Finding Points of Tangency for a Given Tangent Line Equation

[BrownianMan]

The function of a line is y^2 + x^3 = 9. I calculated the slope of its tangent to be -3x^2/2y. The question asked us to find a point(s) so that the equation of its tangent line is y + 6x = 13. So it's slope must be -6 at that point.

I got (2,1) as a point. Are there more than one, or is that the only one?

 

[rock.freak667]

well you will have 3x²/2y =6 such that x²=4y

So for each 'x' you pick, there will be a corresponding value of 'y' from that relation. Yes (2,1) is a point, so is (-2,1)

 

[BrownianMan]

But if the point is (-2,1), then the equation for the tangent line can't be y + 6x = 13, because (-2,1) isn't on the line y + 6x = 13.

 

[Mark44]

So here's what you know:
For the curve y^2 + x^3 = 9 (it's not a line, as you stated), y' = -3x^2/(2y).
The slope of the specified tangent line is -6.
Equating those values gives x^2 = 4y ==> x = +/-2sqrt(y)

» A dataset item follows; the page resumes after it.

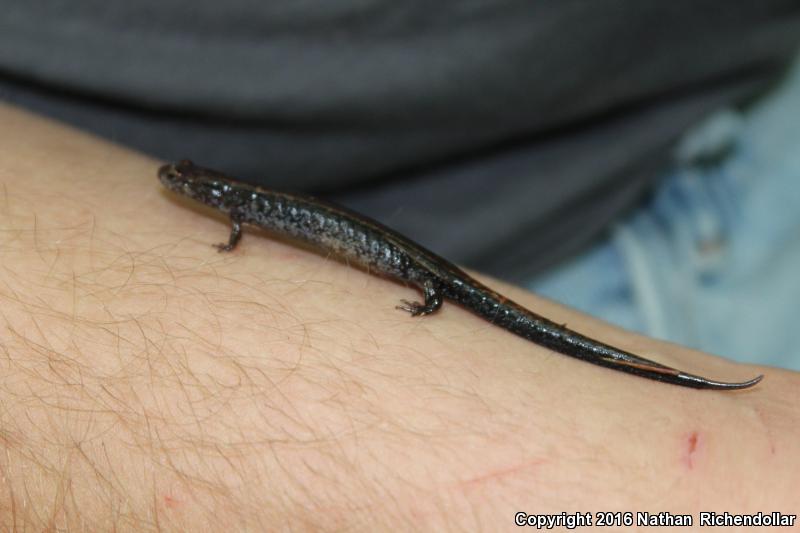 Blue Ridge Dusky Salamander (Desmognathus orestes)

Now substitute for x in the equation of the tangent line y = -6x + 13. This gives you two values of y, one of which is y = 1. The other is extraneous.

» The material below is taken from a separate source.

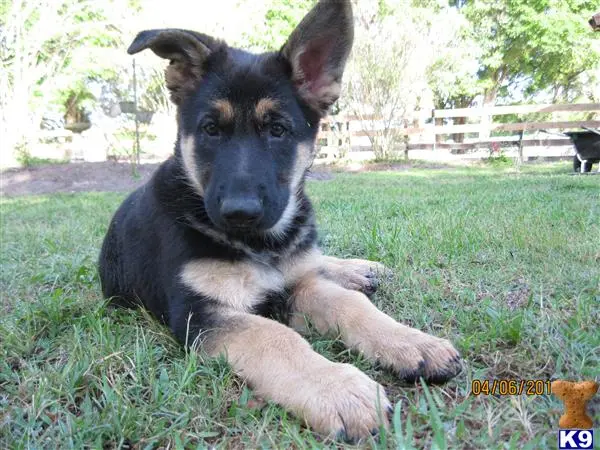 German Shepherd puppy for sale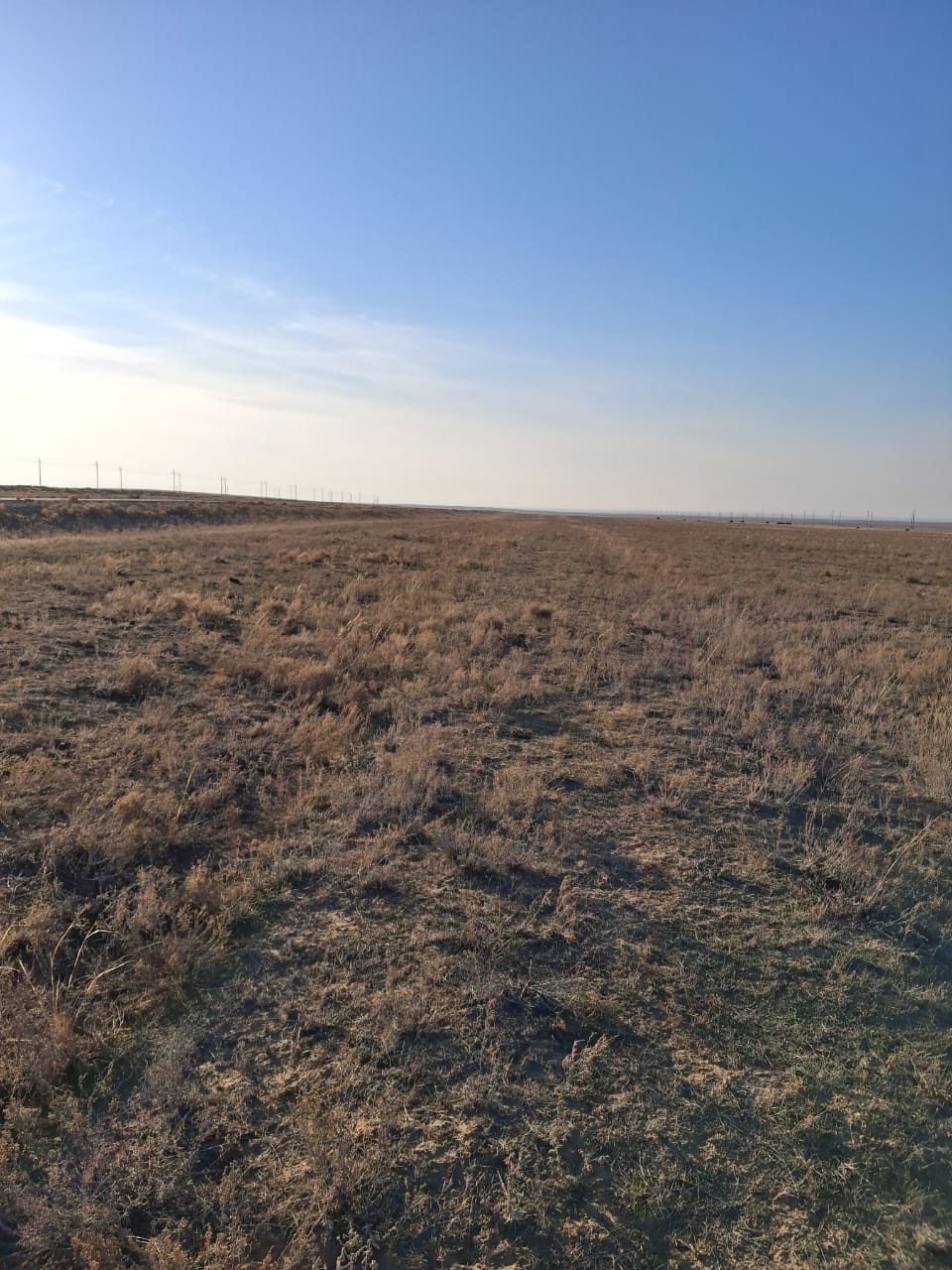 img-3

Now substitute this y value in the equation of your curve y^2 + x^3 = 9, and you get only one x-value.

(-2, 1) is not a point on your curve.

 

[BrownianMan]

So the only point is (2,1) as I stated in my first post, right?

 

[Mark44]

Right. (2, 1) and (2, -1) are both points on the graph of the curve, but only the first point has a tangent whose slope is -6.

 

[BrownianMan]

Thank you so much!